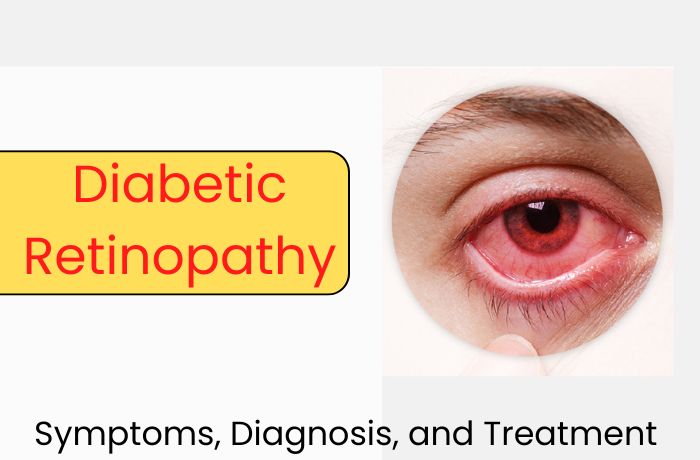 Diabetic Retinopathy: Symptoms, Diagnosis, and Treatment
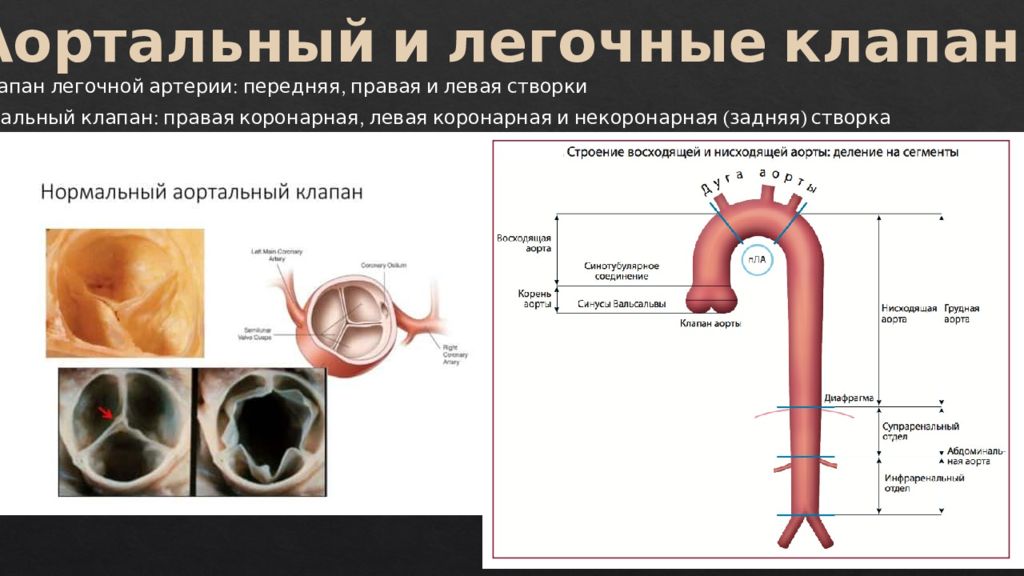 Клапан аорты створки уплотнены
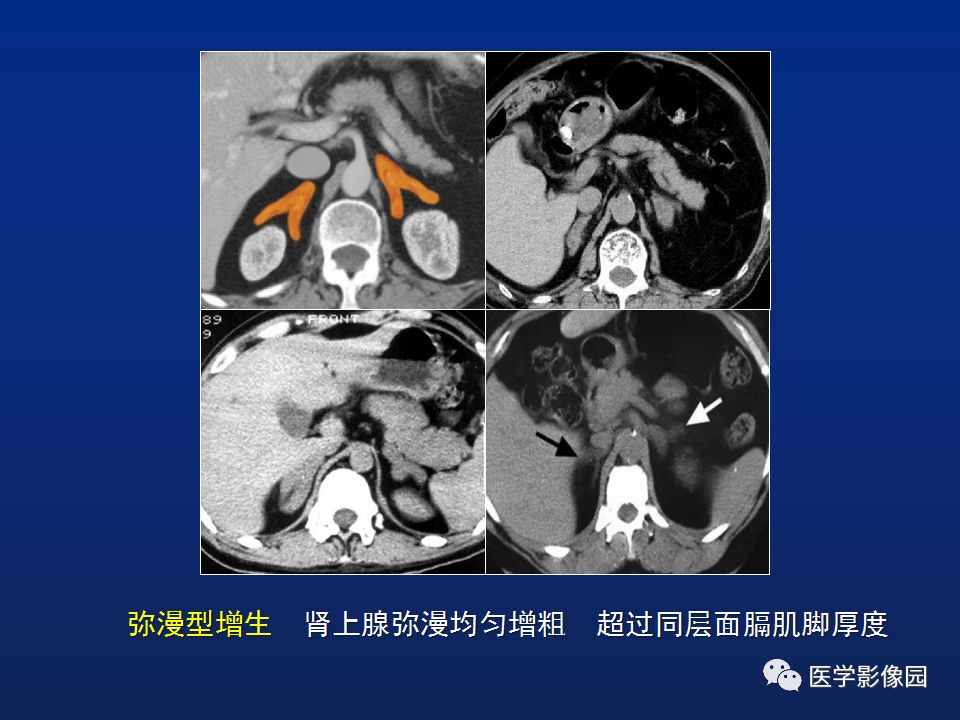 【PPT】肾上腺疾病的影像学表现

▬▬▬

Everything from the line with "Клапан аорты створки уплотнены" through the final line of the material is to be returned exactly, both ends included, apart from the pictures.

 Клапан аорты створки уплотнены
 【PPT】肾上腺疾病的影像学表现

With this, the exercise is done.